From 940569703e4f7c5ddfacc20b423ce4225997317f Mon Sep 17 00:00:00 2001
From: Krrish Dholakia <krrishdholakia@gmail.com>
Date: Tue, 2 Jan 2024 17:44:32 +0530
Subject: [PATCH] feat(proxy_server.py): add slack alerting to proxy server

add alerting for calls hanging, failing and db read/writes failing

https://github.com/BerriAI/litellm/issues/1298
---
 litellm/proxy/proxy_server.py | 10 +++--
 litellm/proxy/utils.py        | 74 ++++++++++++++++++++++++++++++++++-
 2 files changed, 79 insertions(+), 5 deletions(-)

diff --git a/litellm/proxy/proxy_server.py b/litellm/proxy/proxy_server.py
index e5ad6595b..5543b13d3 100644
--- a/litellm/proxy/proxy_server.py
+++ b/litellm/proxy/proxy_server.py
@@ -640,12 +640,14 @@ def load_router_config(router: Optional[litellm.Router], config_file_path: str):
                 load_google_kms(use_google_kms=True)
             else:
                 raise ValueError("Invalid Key Management System selected")

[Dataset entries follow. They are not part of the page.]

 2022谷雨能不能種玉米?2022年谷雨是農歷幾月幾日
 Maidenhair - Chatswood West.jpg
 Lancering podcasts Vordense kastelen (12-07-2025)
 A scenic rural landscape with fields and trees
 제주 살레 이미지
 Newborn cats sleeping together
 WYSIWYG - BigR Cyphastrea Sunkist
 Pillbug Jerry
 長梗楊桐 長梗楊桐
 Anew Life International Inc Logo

-        ### [DEPRECATED] LOAD FROM GOOGLE KMS ###
+        ### [DEPRECATED] LOAD FROM GOOGLE KMS ### old way of loading from google kms
         use_google_kms = general_settings.get("use_google_kms", False)
         load_google_kms(use_google_kms=use_google_kms)

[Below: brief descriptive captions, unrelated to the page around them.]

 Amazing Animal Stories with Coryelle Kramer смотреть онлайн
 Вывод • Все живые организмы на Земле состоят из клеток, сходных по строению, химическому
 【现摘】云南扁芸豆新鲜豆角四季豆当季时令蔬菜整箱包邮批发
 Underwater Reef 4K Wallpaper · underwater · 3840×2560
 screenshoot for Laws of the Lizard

-        ### [DEPRECATED] LOAD FROM AZURE KEY VAULT ###
+        ### [DEPRECATED] LOAD FROM AZURE KEY VAULT ### old way of loading from azure secret manager
         use_azure_key_vault = general_settings.get("use_azure_key_vault", False)
         load_from_azure_key_vault(use_azure_key_vault=use_azure_key_vault)
+        ### ALERTING ###
+        proxy_logging_obj.update_values(alerting=general_settings.get("alerting", None))
         ### CONNECT TO DATABASE ###
         database_url = general_settings.get("database_url", None)
         if database_url and database_url.startswith("os.environ/"):
@@ -655,8 +657,6 @@ def load_router_config(router: Optional[litellm.Router], config_file_path: str):
         prisma_setup(database_url=database_url)
         ## COST TRACKING ##
         cost_tracking()
-        ### START REDIS QUEUE ###
-        use_queue = general_settings.get("use_queue", False)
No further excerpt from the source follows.